Hi Sherry. I was browsing Medium and found this excellent article written by you. Plus I bookmarked a whole bunch more of yours to read as time permits.
How is it that sometimes we randomly come across stuff that fits right into something we are currently suffering. I am not yet certain ( as compared with you and your sister) that I am in the same place with my 18 month younger sister. I might be though, and just in denial.
There are also many unanswered texts from her. Then late last night I received a reply to my “ hope you have a good Labor Day long weekend” text to her.

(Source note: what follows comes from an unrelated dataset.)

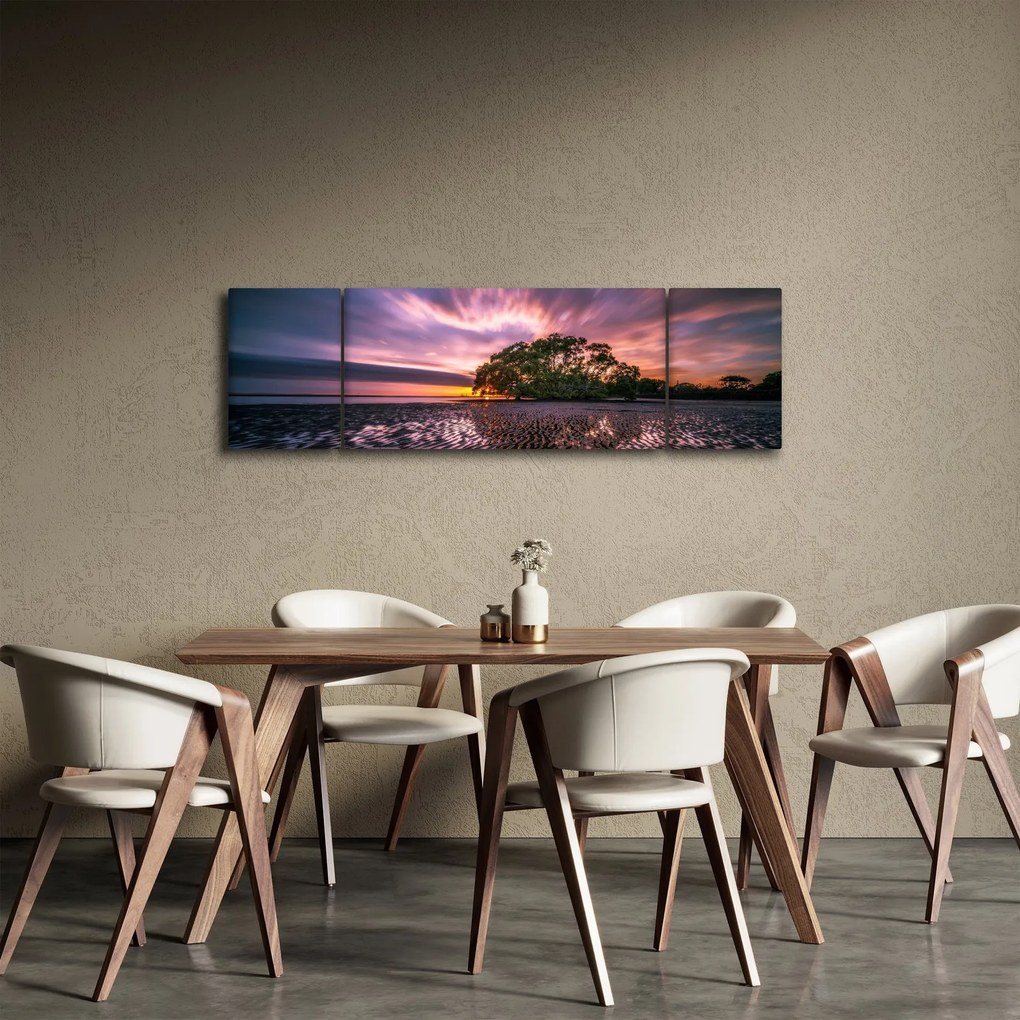 Obraz plaży o zachodzie słońca (170x50 cm)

You know what? I have not yet opened her response. I am so afraid that it will either be terse and cold, reprimanding, guilt inducing or worse. I do not want any of that to invade the enjoyment of my weekend. As strong a person as I am, I think I might obsess over what she wrote.
Sound a bit familiar?
Thing is, with the schitzo relationship she often exhibits toward me, it might be an ok text. Some have been even after months of silence.
I was going to ask my Honeyman to screen her text reply for me. Yet if he says, “ No ,you don’t want to read that” . Or if he’s like: no comment. Well then I will know, won’t I.
So bottom line, at the moment and maybe for the whole weekend, I will pretend that I am one of those barnyard animals that are often deep fried by Colonel somebody.